Fundamentally, this is not how DynamoDB works. DynamoDB's "tables" and "indexes" have almost nothing in common with SQL's "tables" and "indexes". It can take a while to "unlearn" the relational mindset.
All data is stored in a partition, which can only be found by its Partition Key. There is no concept of "nearby" or "similar" partitions; you either know the Partition Key or not. (Imagine sorting your address book by the SHA-1 hash of people's names; there's no way to find "everyone named John", because the hashes will have nothing in common.)
This is true in both Tables and Secondary Indexes - the "index" is essentially a second copy of the table, with exactly the same structure. (Secondary Indexes are allowed to have duplicate items, but that doesn't change how you access them.)
If your Table or Index has only a Partition Key, there are exactly two ways of finding an item:
- Query it by knowing its Partition Key
- Scan all items, in no particular order, testing each one against a filter
If your Table or Index has a Partition Key plus a Sort Key, there are exactly three ways of finding an item:
- Query it by knowing its Partition Key and Sort Key
- Scan all items, in no particular order, testing each one against a filter
- Query a single Partition, by knowing its Partition Key; then retrieve some or all items in that partition, in the order of their Sort Keys
You can run any of those in a loop, either locally, or using batch operations in the DynamoDB API; but every read or write ultimately needs to identify items using one of those methods.
AWS has quite a good section of the user manual about "Data modelling for DynamoDB". The key idea is that you design your Tables and Indexes around how you're going to use the data, not its abstract structure.
So, if your use case involves finding "neighbours" according to some algorithm, you need those neighbours to be together in a single partition. That probably involves calculating a Partition Key which groups them in some way, and a Sort Key which identifies sub-sets within that group. That can be either the Partition Key + Sort Key of the main Table, or of a Secondary Index.
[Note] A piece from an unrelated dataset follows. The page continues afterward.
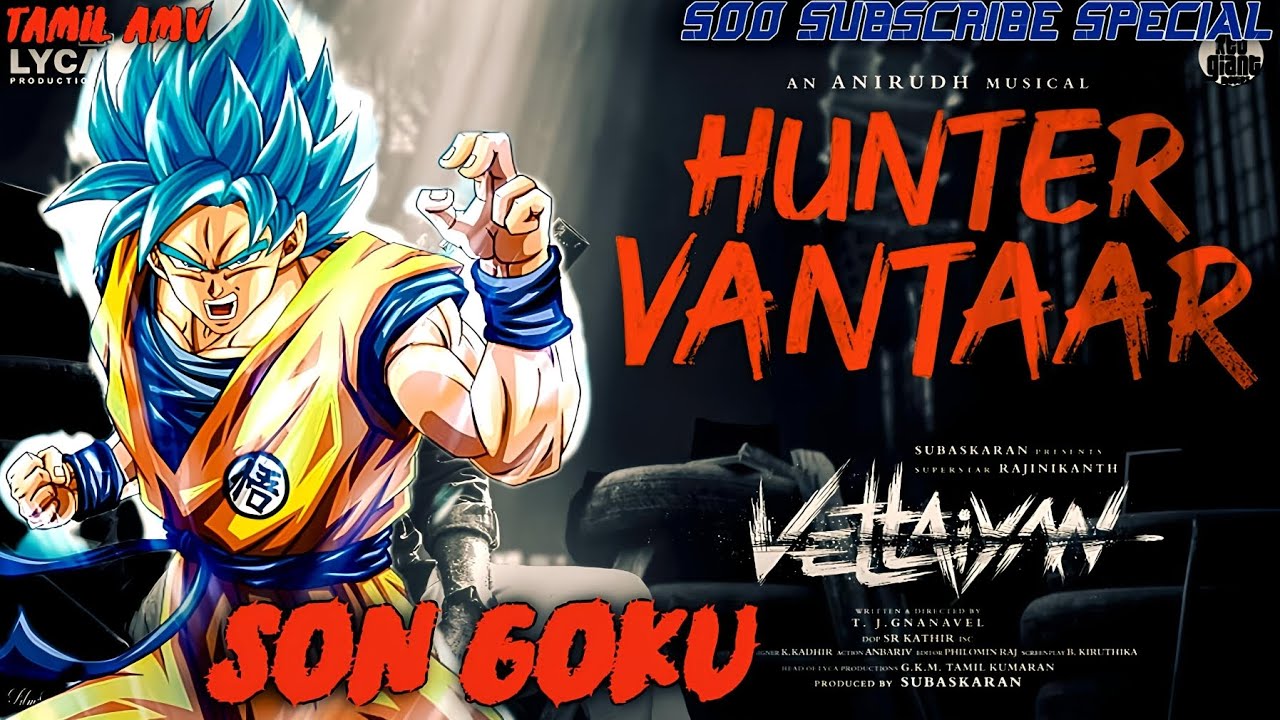 Son Goku (Hunter Vaantar) From Veetaiyan TAMIL AMV | 500 Subscriber Special❗️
I don't know much about geohashes, but a quick search suggests they're designed so that geographically close items are also lexically close, so you might be able to use:
- Partition Key: First n characters of geohash
- Sort Key: Full geohash
Once you have that, you can use a Query to:
- Target one partition
- Target multiple items within that partition; ideally, a continuous range based on Sort Key
You might still need to Query two partitions because the values you want are "on the border"; but you won't need a Query for every item.
For example, the data (in the table or GSI) could look like this:
| GeoHashPrefix (PK) |
Geohash (SK) |
Something |
Else |
| AA |
AA123 |
blah |
blah |
| AA |
AA128 |
rhubarb |
custard |
| AA |
AA135 |
foo |
bar |
| AA |
AA200 |
left |
right |
| AB |
AB123 |
me |
you |
Then to find all geohashes starting with "AA" would just be a single Query with a KeyConditionExpression of:
To find only those beginning with "AA1", you'd specify an extra condition on the Sort Key within that partition:
GeoHashPrefix = "AA"
GeoHash begins_with("AA1")
Or to find all geohashes between "AA125" and "AA135" (inclusive):
GeoHashPrefix = "AA"
GeoHash BETWEEN "AA125" AND "AA135"
A final note is that DynamoDB is not intended to be a universal data store. If the data you have is not suited for partitioning, or the access you need cannot be optimised on that basis, you should pick a different technology.
For instance, ElasticSearch / OpenSearch has optimised index for searching geospatial data based on various operators. There are also extensions for relational databases that add "GIS" functionality, such as PostGIS for PostgreSQL which is supported by AWS Aurora.